1. Field of the Invention
This invention relates generally to a filtration system.
2. Brief Description of the Related Art
In general, various kinds of corruption factors are usually produced in a water tank for keeping aquatic animals and plants for hobby or ornamental purposes. For example, in a water tank for aquatic animals, water in the tank is often corrupted by discharged materials, bait or feeds, algae, seaweed, etc. If this condition is left as it is, the degree of clearness and transparency of the water and water tank are lowered. As a result, it becomes difficult for those who keep such aquatic animals to fully enjoy watching the aquatic animals. In addition, hazardous components such as ammonia, nitrogen and the like are increasingly produced to the extent that the aquatic animals are killed and plants are abnormally grown. In order to prevent such an unfavorable occurrence, various types of filtration systems are conventionally used for removing such corruption factors in the water.
Several types of filtration systems for a water tank for keeping aquatic animals and plants are known. One example is shown in FIG. 6, in which a filter medium 103 composed of only a single or several kinds of chemical fiber materials or a combination of sand-layers and filter, is received in a container 102 which is separately situated from a water tank 101, and the water in the tank 101 is drawn up by a motor pump 106 through an intake tube 105 having a meshed basket 104 at a lower portion of the tube 105 and discharged to the upper surface of the filter medium 103 in the container 102 via a discharge tube 107, and then allowed to flow back to the water tank 101 through a return tube 108. Another example is shown in FIG. 7, in which a filter medium is received in a container 109 having a plurality of inlet ports formed in a bottom surface or a side surface thereof, the container 109 is then placed on a bottom portion of a water tank 101, and an upper end portion of the container 109 is connected to a motor pump 111 through an intake tube 110, so that the water in the water tank 101 flows to and passes through the filter medium and then drawn by the motor pump 111 so as to be returned to the water tank 101 through a return tube 112. An additional example is shown in FIG. 8, in which the water in a water tank is drawn into a container 115 located outside the water tank by a motor pump 116 located in the top of the container 115 through an intake tube 114 having a meshed basket 114 on a bottom portion of the water tank, so that the water passes through a filter medium received in the container 115, and then flows back into the water tank through a return tube 117.
Incidentally, it is a general practice to deliver air into a water tank from an air pump located outside the water tank through a tube, in order to supply oxygen into the water.
However, any one of the above-mentioned conventional filtration systems employs as a solid-liquid separator only one clean filtration means or system, such as a filter (chemical fiber material, filter paper, etc.) and/or a particulated filter medium layer (sand layer). Since it is designed such that the water in the water tank flows directly to the filter medium to capture the corruption factors contained in the water by the filter medium, filtration efficiency is comparatively low.

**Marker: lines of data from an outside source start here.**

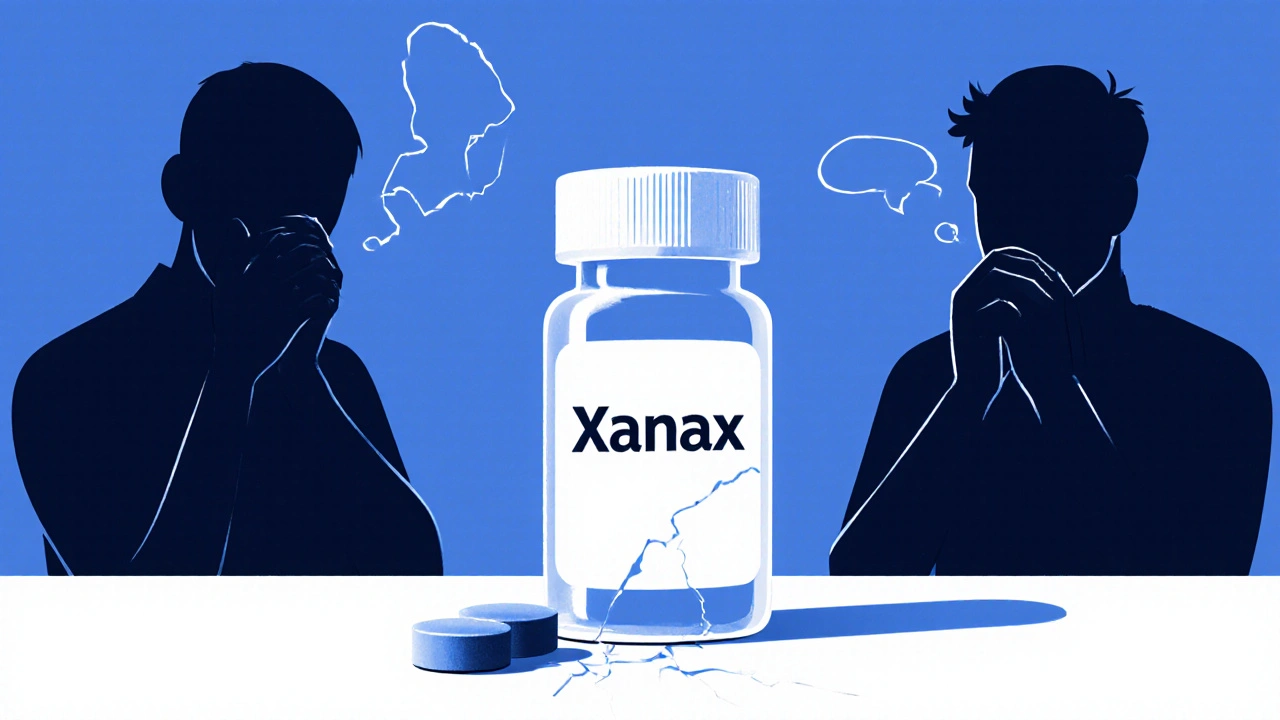 Xanax-Tablette neben einer gebrochenen Rezeptflasche mit Symptomen von Entzug.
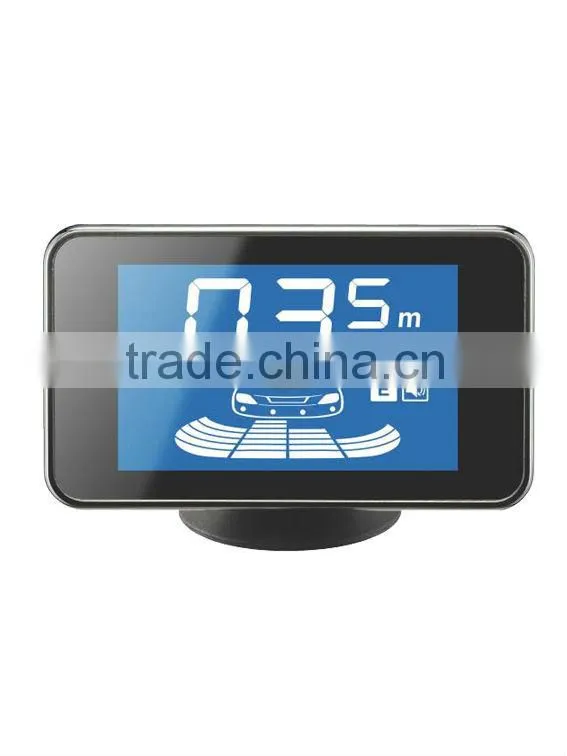 Auto car reversing sensor PTS with wide screen blue LCD display with matt silver metal frame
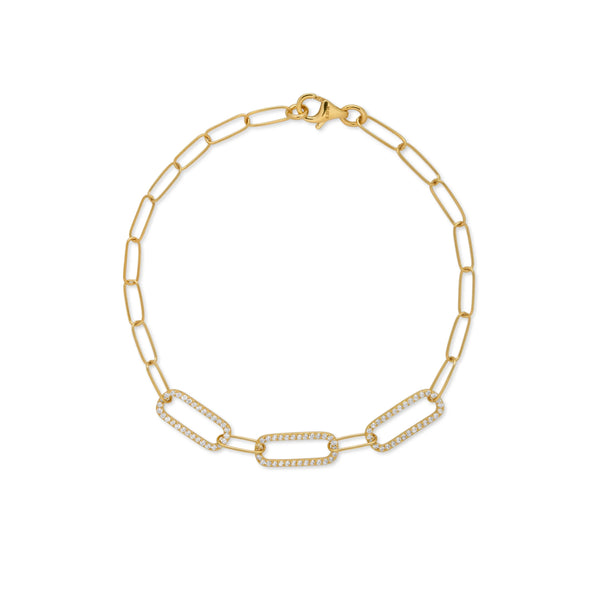 PULSERA DIAMANTES CLIP TRIPLE EN ORO 18K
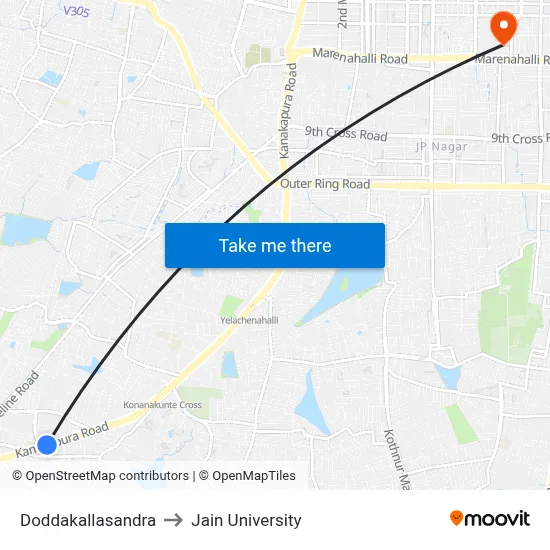 Doddakallasandra to Jain University map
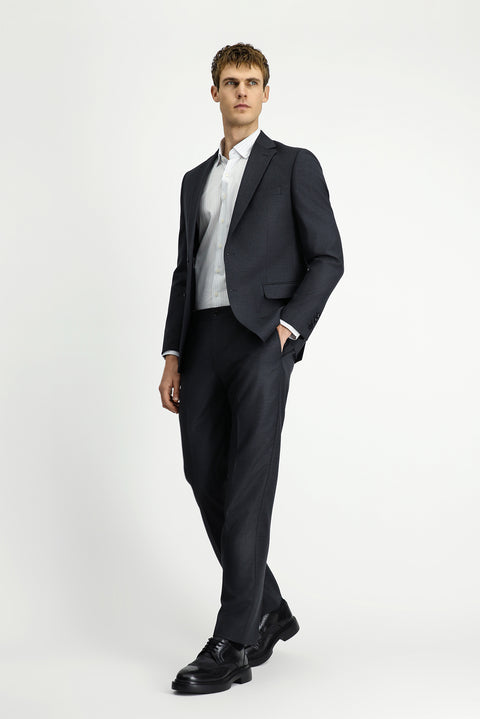 Dark Anthracite 7 Drop Slim Fit Patterned Suit with Elastic Waistband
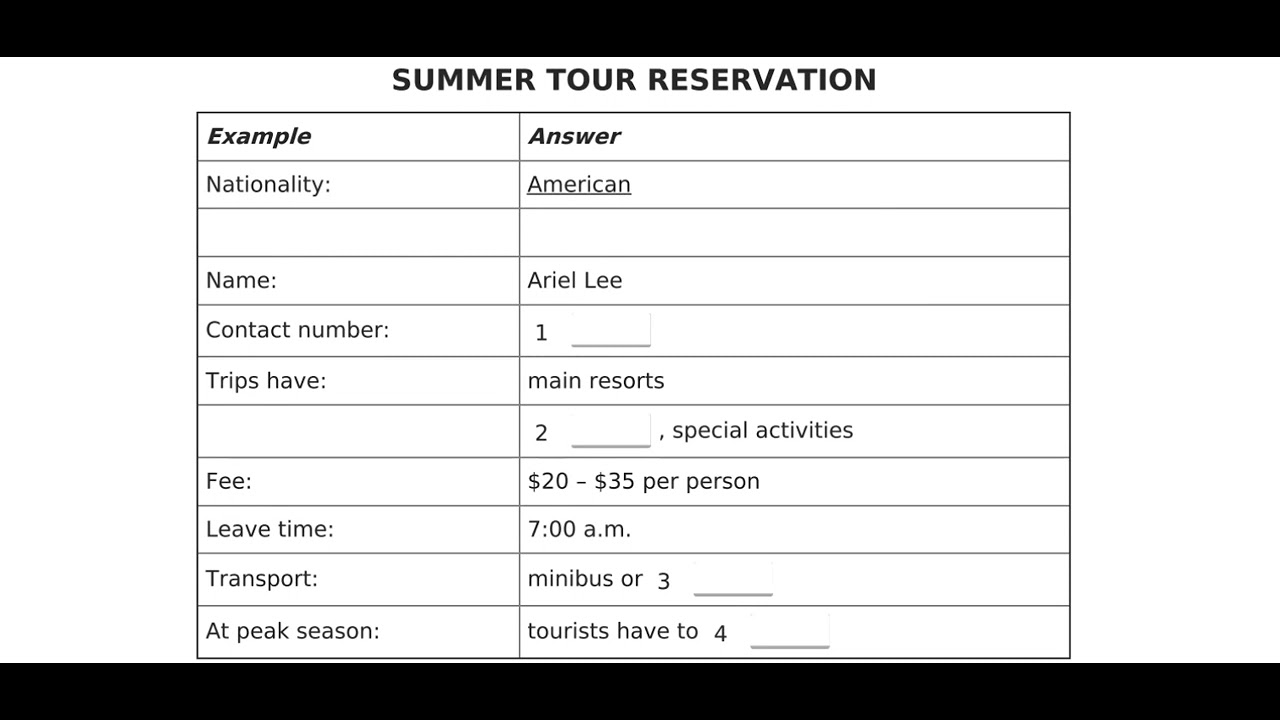 summer tour reservation ielts listening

That is to say, in any one of the above-mentioned conventional filtration systems, particulates as corruption factors are captured directly by the filter medium during the process of filtration. Therefore, as the amount of particulates captured by the filter medium is increased, the filter liquid flow path formed in the filter material is narrowed in a comparatively short time and finally completely choked whereby clogging is produced. Accordingly, in the example shown in FIG. 6, the non-filtered water drawn up by the pump merely passes across the surface of the filter medium and directly flows back to the water tank. Also, in the examples shown in FIGS. 7 and 8, since the speed of water passing within the filtration system is lowered due to clogging, there is produced a region where the water flow is weak or none, within the water tank. As a result, the corruption factors are precipitated on the bottom portion of the water tank and condensed into sludge which produces hazardous components. Then, the corruption factors in the form of sludge are caused to suspend or float within the water tank in accordance with the water flow produced by the aquatic animals swimming in the water of the water tank or air supplied to the water tank.
In order to prevent an early and complete choking or blocking of the filter surface caused by such corruption matters, it is necessary to have a large filtration area dimension. However, if the filtration area dimension is increased, a filtration system as a final product becomes large in size. Recently, there is a tendency that very tiny aquatic animals or plants are kept in a small-sized water tank. Therefore, there is demanded a small-sized filtration system having an excellent filtration efficiency, so as to match with such a small-sized water tank.
Further, since any one of the above-mentioned conventional filtration systems employs a motor pump in order to forcibly circulate water, costs of electric power are increased and noises are produced.
Furthermore, in the conventional filtration systems mentioned above, various attachments such as intake tube (104, 105; 113, 114) attached with a meshed basket, discharge tube (107), motor pump (106, 111, 116) and return tube (108, 112, 117) are essentially employed, in addition to the filter medium receiving portion (103, 109, 115) acting as a main body for exhibiting the filtration function. Accordingly, the appearance of the system is unsightly, and handling is not easy when cleaning.
The present invention has been accomplished in order to obviate the above problems inherent in the conventional systems.